On the other hand, Ateljevic et al. [39] used ICOR, which is somewhat similar to the research method here, and found that investments in the tourism sector in Bosnia and Herzegovina were effective. The study showed that the ICOR calculated for the tourism sector in Bosnia and Herzegovina decreased from 0.17 in 2017 to 0.12 in 2022, which implies an increase in the efficiency of investments.

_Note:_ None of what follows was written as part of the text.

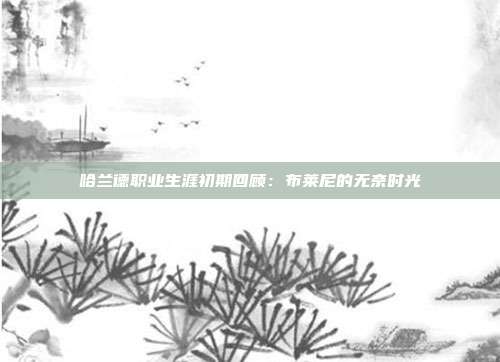 哈兰德职业生涯初期回顾：布莱尼的无奈时光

The results obtained are actually an important macroeconomic proportion. In fact, there is a ratio between the two indicators here, which corresponds to the specifics of the macroeconomic proportion. The important direction here is precisely the preservation of this balanced proportion. That is, the fact that the average growth rate of the sector's output is not higher than or at least equal to the average growth rate of investments in that sector is an indicator of disproportionality. In other words, this situation is a disruption of the balance between the investment-output proportion. From this, it can be characterized that proportionality is maintained between investments in fixed capital and the output of Azerbaijan's mining industry.

5. Conclusions

In the period of uncertainty in the international economy, the efficient use of investments is necessary. Investments are an indispensable factor for the sustainable development of the economy, including its various sectors. The mining industry can be considered a very important sector within the framework of being a supplier of raw materials to the main sectors of the economy and meeting the necessary needs of society. Since Azerbaijan is a country that exports oil and gas, finding the efficiency of investments in the mining industry here can act as an important indicator in the preparation of strategic plans that include the main vectors of economic development in the long term.

The lag of fixed capital investments in the mining industry in Azerbaijan has been determined as 6 years. In parallel, high investment efficiency was observed. In fact, the use of the ratio of two economic indicators when calculating efficiency characterizes the presence of macroeconomic proportionality here. A high lag investment efficiency index indicates that macroeconomic proportionality is maintained. Therefore, the results of this exploratory study will be important for studying the state of the investment-output ratio in other areas.